De même, il est nécessaire de contribuer effectivement au renforcement d’un système multilatéral, unique repère doté de la légitimité nécessaire pour orienter le processus d’élaboration des règles encadrant le fonctionnement d’un monde global. Dans cette perspective, la réforme des Nations Unies n’est pas étrangère à nos préoccupations. Notre nature régionale s’inscrit dans un système multilatéral intégré et opérationnel. J’espère que dans ce domaine, comme dans beaucoup d’autres, l’Organisation soit l’instance où sont élaborées des politiques qui concordent avec ces réformes.

Il est également nécessaire de déployer des efforts pour avancer vers de meilleurs niveaux de participation de la société civile. L’Organisation doit bénéficier de l’apport et de la force de légitimation des citoyens en tenant compte de leurs intérêts dans la conception et la gestion des stratégies régionales de promotion de la démocratie, du développement social et de la sécurité.
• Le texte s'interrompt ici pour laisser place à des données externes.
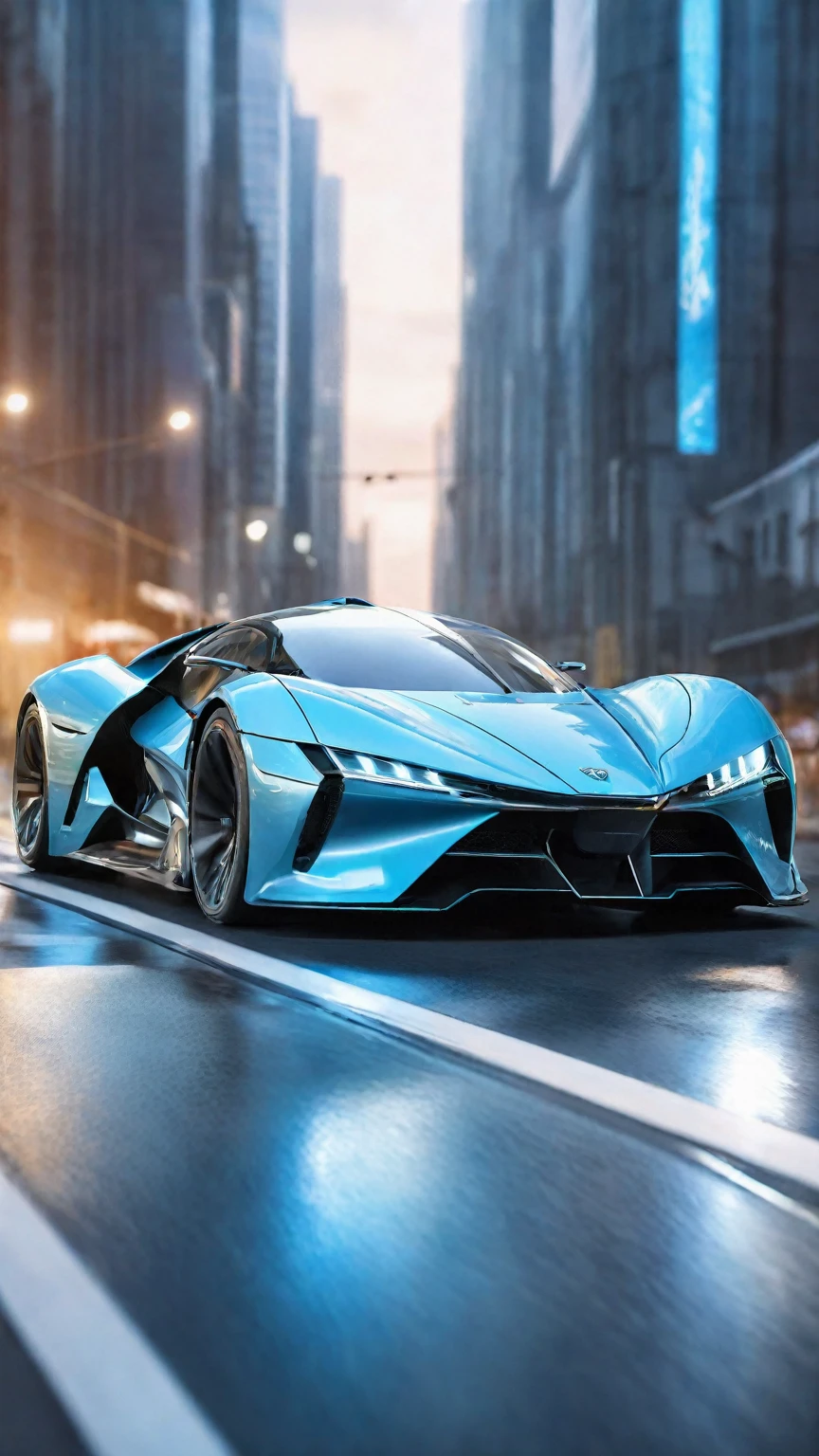 cybercar,future technology,futurism,Sports car track suspended in the sky,science fiction concept sports car speeding on the floating road,cyberpunk city background,Realistic,cinematic,depth of field,Strong blur,, (masterpiece,best quality,ultra-detailed, absurdres)
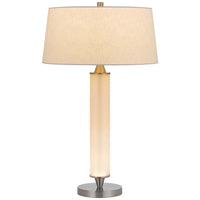 Table Lamp with LED Light, White Shade, Fluted Frosted Glass, 30 Inch - BM351662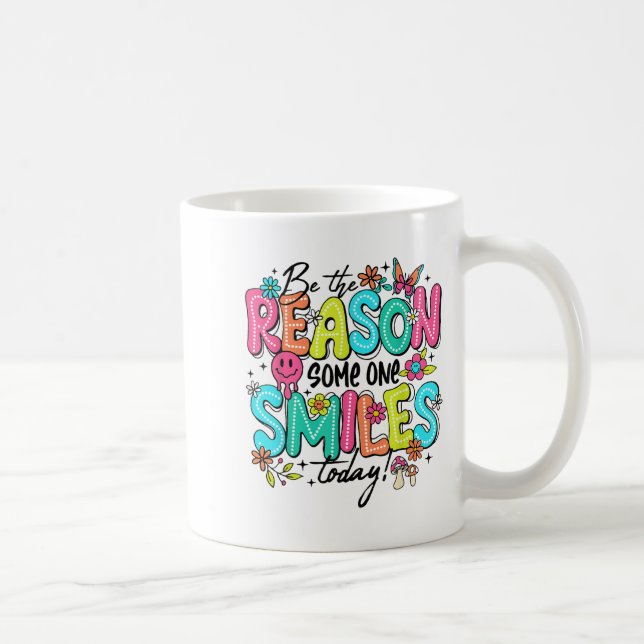 Caneca De Café Seja o Motivo de Alguém Sorrir Hoje Tipo Afirmativ (Direita)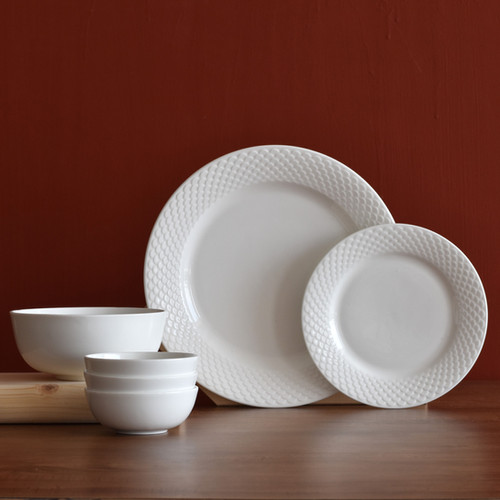 Clay Craft 21 pcs Ripple Fine Bonechina Dinner Set Spaces Inside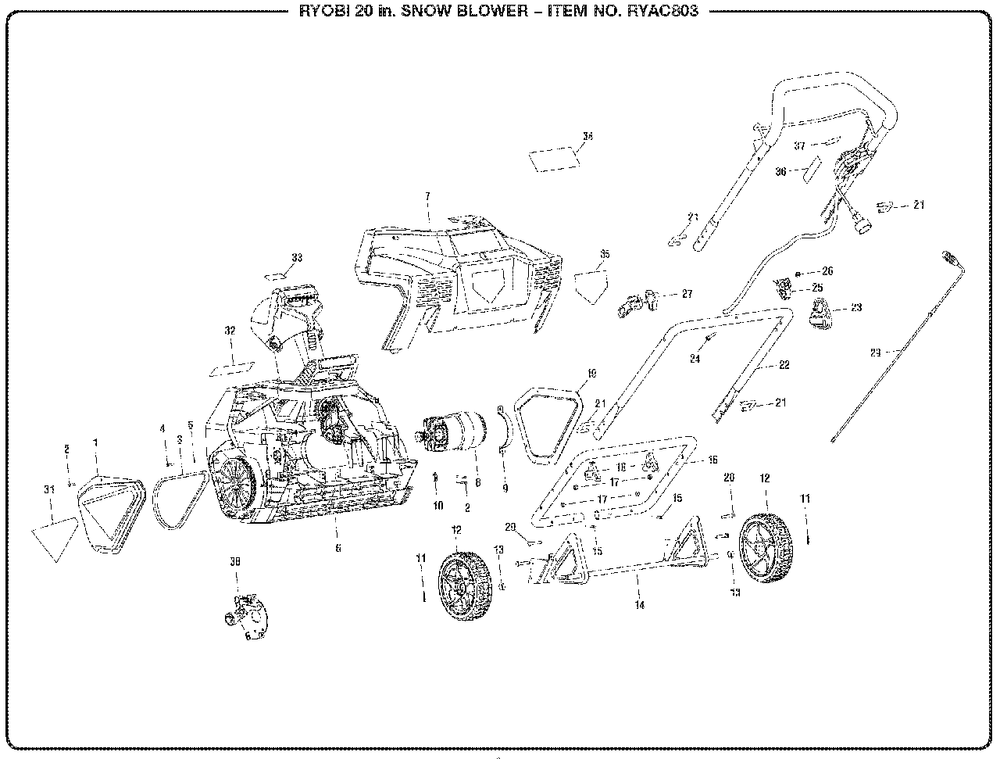 General Assembly Diagram and Parts List for RY AC803 (Rev 02)(099871001)(2018-06) Ryobi Leaf Blower / Vacuum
Mesdames et Messieurs les Ministres des affaires étrangères,
Mesdames et Messieurs les Délégués

En novembre, nos Chefs d’État et de gouvernement se réuniront à Mar del Plata, en République argentine, pour examiner certains des problèmes les plus pressants de notre Continent, particulièrement ceux de l’emploi et de la pauvreté. Dans la perspective de cette rencontre, nous devrions aborder ici, en tenant compte des mandats des Sommets précédents, une redéfinition des priorités fondamentales de l’Organisation des États Américains.

Nous comptons actuellement une centaine de mandats émanés de l’Assemblée générale et du Processus des Sommets. Ce qui nous met devant la tâche incontournable de focaliser les ressources de cette institution de façon appropriée pour ne pas négliger nos domaines stratégiques de travail: le renforcement de la démocratie et des droits de la personne; le développement intégré et durable, et la sécurité multidimensionnelle. Cette focalisation est déterminante pour l’obtention de ressources qui nous permettent de placer de nouveau l’Organisation à sa place de forum du dialogue et de concertation politique doté de la plus grande pertinence régionale.

Si nous sommes capables de montrer des résultats dans ces domaines, nous serons sans aucun doute sur le droit chemin. Je vous invite à travailler ensemble à l’élaboration d’une stratégie qui nous permette d’atteindre ces objectifs.